Clearly, A is a symmetry positive definite \(H_+\)-matrix. Let f(uxy) be \(u^2, u-sinu, ln(1+x)\) and arctanu, respectively. If we take \(\varPsi =2I\), it is easy to see that (5) holds. We present two experiments with different parameters.

Experiment (I) Take \(\varOmega =D_A+2I\). Let \(\varsigma =8\) and \(\varsigma =9\), respectively. Consider the splitting \(A=M_1-N_1\), where

$$\begin{aligned} M_1=\left( \begin{array}{c@{\quad }c@{\quad }c@{\quad }c@{\quad }c@{\quad }c} \hat{S} &{} &{} &{} \\ &{} \hat{S} &{} &{} \\ &{} &{} \ddots &{} \\ &{} &{} &{} \hat{S} \\ \end{array} \right) ~~ \text {and}~~\hat{S}=\mathrm {tridiag}(1,4,0). \end{aligned}$$
(11)

Experiment (II) Let \(\varOmega =D_A\) and \(\varOmega =D_A-0.9I\), respectively. Take \(\varsigma =9\) and consider the MSOR (\(\alpha =1.2\)).

All numerical results are shown in Table 1, where Method 1 converges for all cases. The number of iteration steps is denoted by ‘IT’ and the elapsed CPU time in seconds is denoted by ‘CPU’.

Table 1 Numerical results of Example 1
Full size table

In Experiment (I), since \(\langle M_1\rangle -|N_1|\ne \langle A\rangle \), the splitting (11) is not an H-compatible splitting, which leads to that the convergence results of Method 1 in [17] cannot be used here. On the other hand, for \(\langle M_1\rangle -|N_1|\) is an M-matrix, the splitting (11) is an H-splitting. The results of Experiment (I) show the advantage of Theorem 3.1.

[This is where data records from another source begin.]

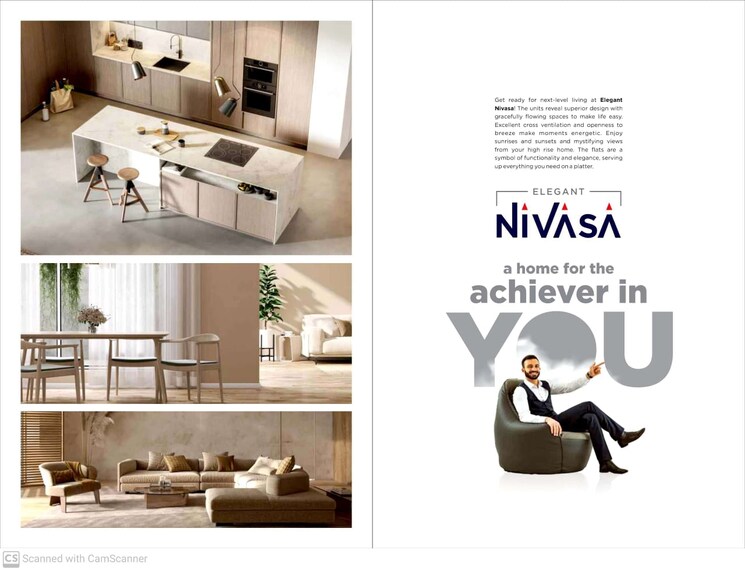 Floor Plan, elegant-nivasa 3 Bedroom 1700 Sq.Ft. Apartment In Kollur Hyderabad 7017889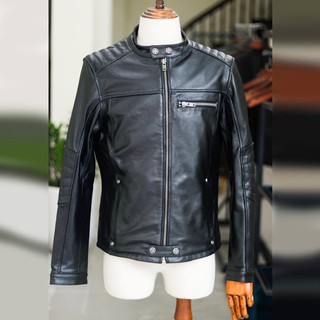 (ÁO DA THẬT 100%) ÁO DA BÒ CHẦN VAI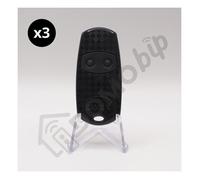 Lot de 3 télécommandes came top432ee - 2 boutons pour portails et garages - fréquence 433,92 mhz - codage fixe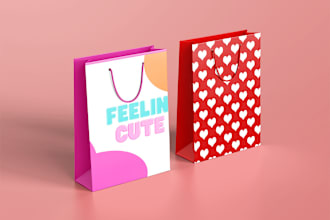 design amazing shopping bag, paper bag, tote bag for you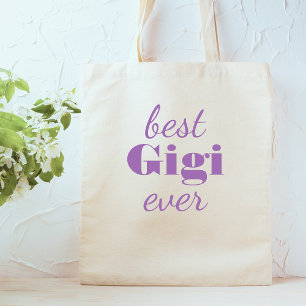 Moderne Lila Gigi Personalisierte Tasse Tragetasche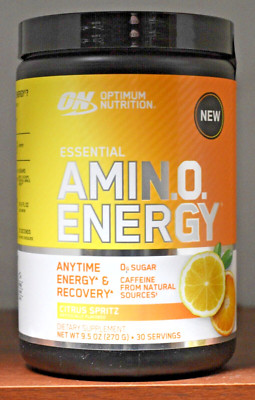 Optimum Nutrition Essential Amino Energy Citrus Spritz 9.5oz 30 Servings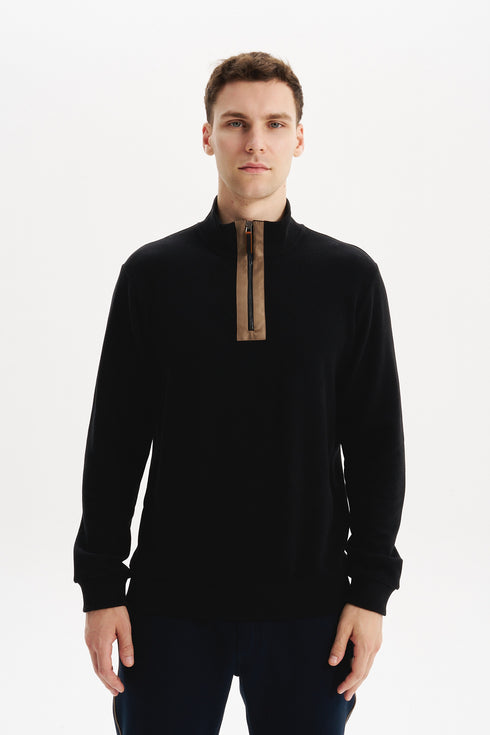ARMA MEN SWEAT SHIRT HALF ZIP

In Experiment (II), \(\varOmega =D_A\) and \(\varOmega =D_A-0.9I\) are in the convergence range (9), which is not the convergence condition of Theorem 4.4 of [17]. The results of Experiment (II) also show the advantage of Theorem 3.2.

5 Conclusion

Theorems 3.1 and 3.2 give the convergence theories of modulus-based matrix splitting iteration methods for NCP(f) under the weaker condition that \(A=M-N\) is an H-splitting. Since an H-splitting of an H-matrix is not necessarily an H-compatible splitting, we have more choices for the splitting \(A=M-N\) which makes the modulus-based matrix splitting iteration methods converge than [17]. Furthermore, comparing to the convergence domain in [17], a larger one is given by Theorems 3.2. Therefore, our convergence theories extend the scope of modulus-based matrix splitting iteration methods for NCP(f) in applications.